Editorial

Schavan kippt die Zwölfender-Regelung!

Die Zwölfender-Regelung bestimmte, dass wissenschaftliche Mitarbeiter ab Diplom nur zwölf Jahre befristet beschäftigt werden dürfen. Schon bei der Einführung hatte es Proteste gehagelt. Im Frühjahr 2008 soll diese Regelung nun verschwinden.

(20.09.2006) Schavan kippt die Zwölfender-Regelung, und alles jubelt. Die Postdocs jubeln, weil sie ihre Tarzan-Existenz weiterführen und von Drittmittel- zu Drittmittel-Vertrag hüpfen können bis zum seligen Ende beziehungsweise zur Rente. Die Arbeitsgruppenleiter jubeln, weil sie eingearbeitete Postdocs, von denen sie sich etwas versprechen, weiterbeschäftigen können, bis sie sich nichts mehr von ihnen versprechen.

Wir jubeln nicht. Die Zwölfender-Regelung, das heißt die Bestimmung, dass wissenschaftliche Mitarbeiter ab Diplom nur zwölf Jahre befristet beschäftigt werden dürfen, war gut gemeint. Sie zwang Hochschulen und Nachwuchswissenschaftler dazu, die Qualifizierungsphase zügig voranzutreiben (...) Ferner verhindert die Regelung, dass Mitarbeiter und Mitarbeiterinnen über unvertretbare Zeiträume in befristeten Beschäftigungsverhältnissen gehalten werden (Gesetzesbegründung Deutscher Bundestag).

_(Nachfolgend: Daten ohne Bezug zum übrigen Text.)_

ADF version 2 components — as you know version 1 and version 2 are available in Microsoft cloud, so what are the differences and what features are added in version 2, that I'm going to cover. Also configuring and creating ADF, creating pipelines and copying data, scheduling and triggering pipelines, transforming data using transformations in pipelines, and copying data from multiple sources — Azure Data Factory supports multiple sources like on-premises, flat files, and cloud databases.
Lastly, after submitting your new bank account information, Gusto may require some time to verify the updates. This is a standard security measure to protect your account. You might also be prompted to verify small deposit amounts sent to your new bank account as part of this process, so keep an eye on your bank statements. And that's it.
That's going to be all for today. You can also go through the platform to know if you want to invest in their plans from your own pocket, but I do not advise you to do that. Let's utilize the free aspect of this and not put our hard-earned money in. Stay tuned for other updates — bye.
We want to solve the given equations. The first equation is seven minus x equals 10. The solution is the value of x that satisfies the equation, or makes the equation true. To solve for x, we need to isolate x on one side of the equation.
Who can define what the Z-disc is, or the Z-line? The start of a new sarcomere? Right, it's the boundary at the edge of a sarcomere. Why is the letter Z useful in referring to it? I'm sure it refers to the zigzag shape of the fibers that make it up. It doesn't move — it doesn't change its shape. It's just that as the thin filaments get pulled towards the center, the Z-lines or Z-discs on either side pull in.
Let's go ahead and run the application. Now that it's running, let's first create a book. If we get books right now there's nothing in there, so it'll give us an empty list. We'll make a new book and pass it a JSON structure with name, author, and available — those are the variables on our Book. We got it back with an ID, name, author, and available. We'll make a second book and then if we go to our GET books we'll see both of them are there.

In der Tat, das war der Vorteil der Zwölfender-Regelung: Sie zwang die Postdocs, sich beizeiten nach einer Alternative zum akademischen Betrieb umzusehen. Jetzt häufen sich an den Universitäten wiederum Massen von Messknechten an, deren Chancen auf eine feste oder wenigstens unabhängige Stelle bei zehn Prozent liegen, Tendenz sinkend. Und täuschen Sie sich nicht: Sich von Zeitvertrag zu Zeitvertrag zu hangeln, alle paar Jahre umzuziehen, alle paar Jahre das Arbeitsgebiet wechseln, ohne Aussicht auf Unabhängigkeit, aber mit dem Alter sinkenden Aussichten selbst im akademischen Betrieb - von der freien Wirtschaft ganz zu schweigen -, das geht auf die Nerven und belastet das Gemüt.

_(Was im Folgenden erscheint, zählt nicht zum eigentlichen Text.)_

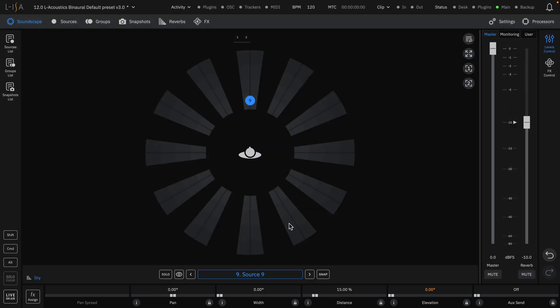It's also important to note that there are buttons for Shift, Command, and Alt that are commonly used on touchscreens or setups that don't have a keyboard. These will be covered in the Quick Start video on Source Selection.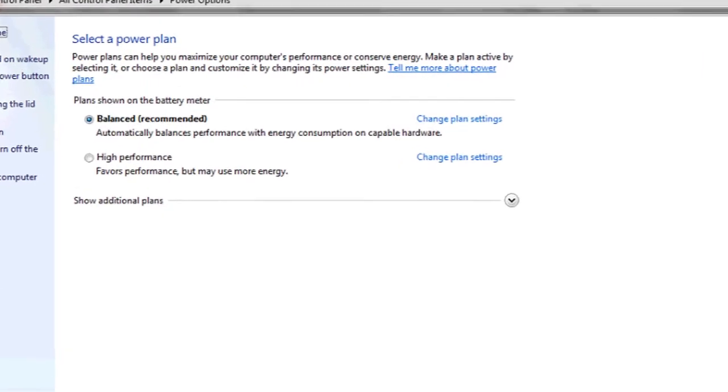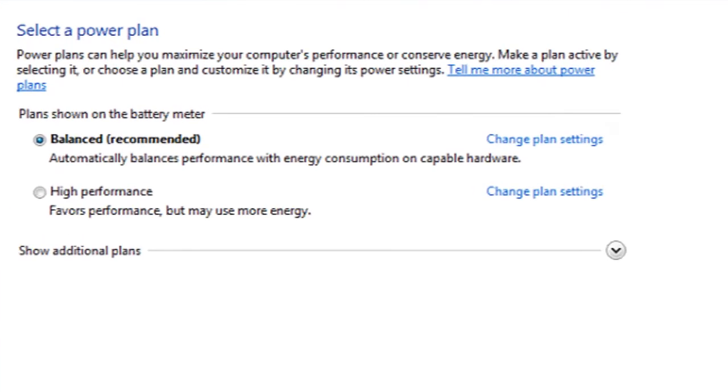This will take us to our different power options. You can change the brightness for your current power plan by clicking change plan settings.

Gut, die Zwölfender-Regelung war nicht das Gelbe vom Ei: Eine bürokratische Einrichtung ersonnen von den Bürokraten des BMBF, die das Leben des Postdocs und der Universitätsverwaltungen noch schwieriger machte, deren rechtliche Konsequenzen unklar waren, und die zudem schlecht verkauft wurde.

Jedoch: Den Postdocs ging es vor der Zwölfender-Regelung nicht gut, es ging ihnen während dieser Regelung nicht gut (aber sie wurden wenigstens dauernd daran erinnert) und es wird ihnen auch nach dem Kippen der Zwölfender-Regelung nicht gut gehen: Es gibt zu viele Postdocs und es gibt zu wenige unabhängige und feste Stellen. Und weil sich die Finanzlage der Staates tendenziell immer mehr verschlechtert, wird sich diese Schere immer weiter öffnen.

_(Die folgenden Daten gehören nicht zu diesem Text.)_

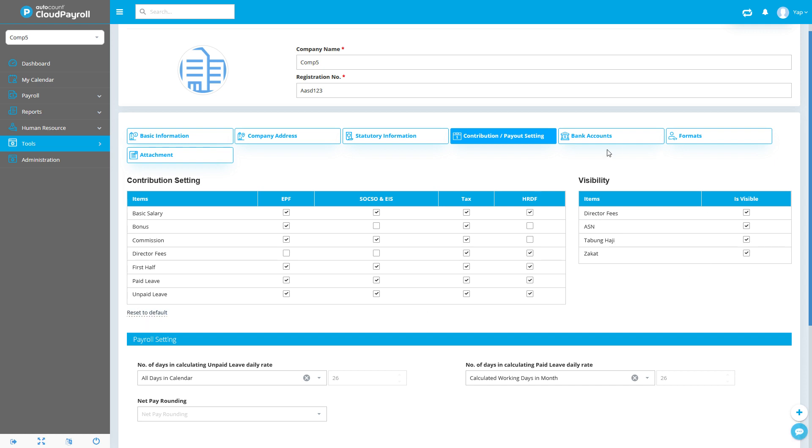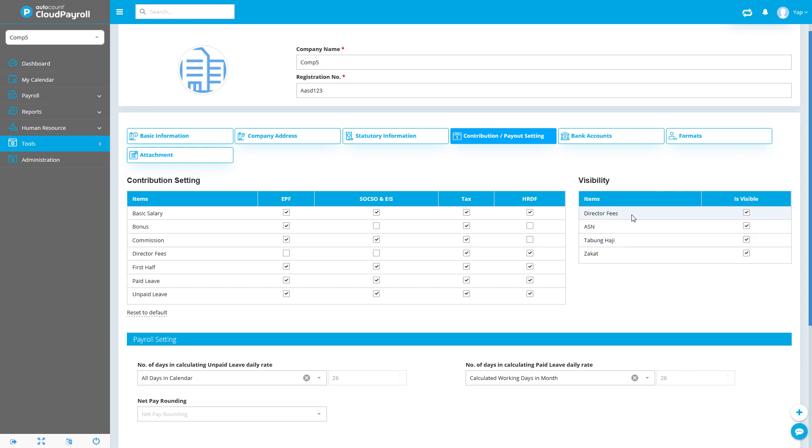Next, under Visibility, this is for you to show or hide info in our payroll processor. For companies, you might not have director fees or maybe you don't need any zakat or tabung haji payments. You can just untick this and it will not appear in your payroll processor. This is just a view or hide button.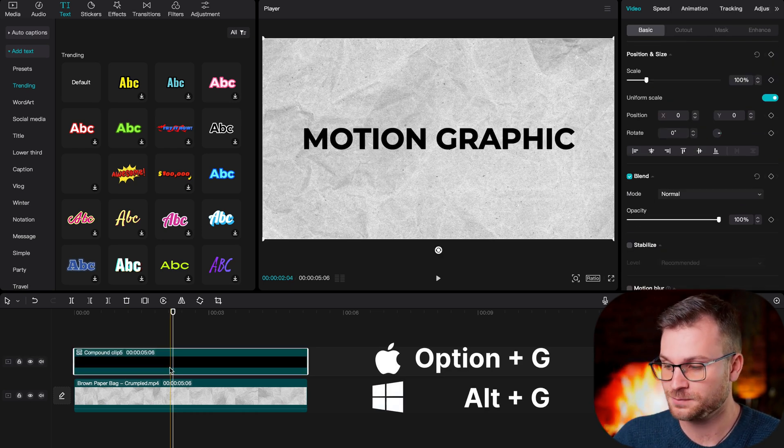Now I'm going to change my speed to 60 — the other one was at 40 — and decrease the strength to 14. If I play this, you can see that the elements are moving independently of each other, which is quite cool.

Den einzigen Ausweg sehe ich in einem Vorschlag, den ich schon 1992 in "Forschen auf Deutsch" gemacht habe. Postdocstellen werden auf fünf Jahre vergeben. Sie sind unabhängig, das heißt der Postdoc kann forschen was er will und eigenständig publizieren. Der Institutsdirektor hält nur die Infrastruktur des Instituts am Leben. Vergeben werden die Postdocstellen allein nach den zuvor erbrachten Publikationen. Alter, Geschlecht etc. zählen nicht. (Details in "Forschen auf Deutsch", 4. Auflage, 2002).

Dieses System klingt brutal, aber es ist berechenbar, gerechter und vor allem: Es spornt an! Im übrigen ist das heutige System noch brutaler, man merkt es nur nicht gleich, und dazu bürokratisch, ungerecht und unberechenbar. Ob mit oder ohne Zwölfender-Regelung.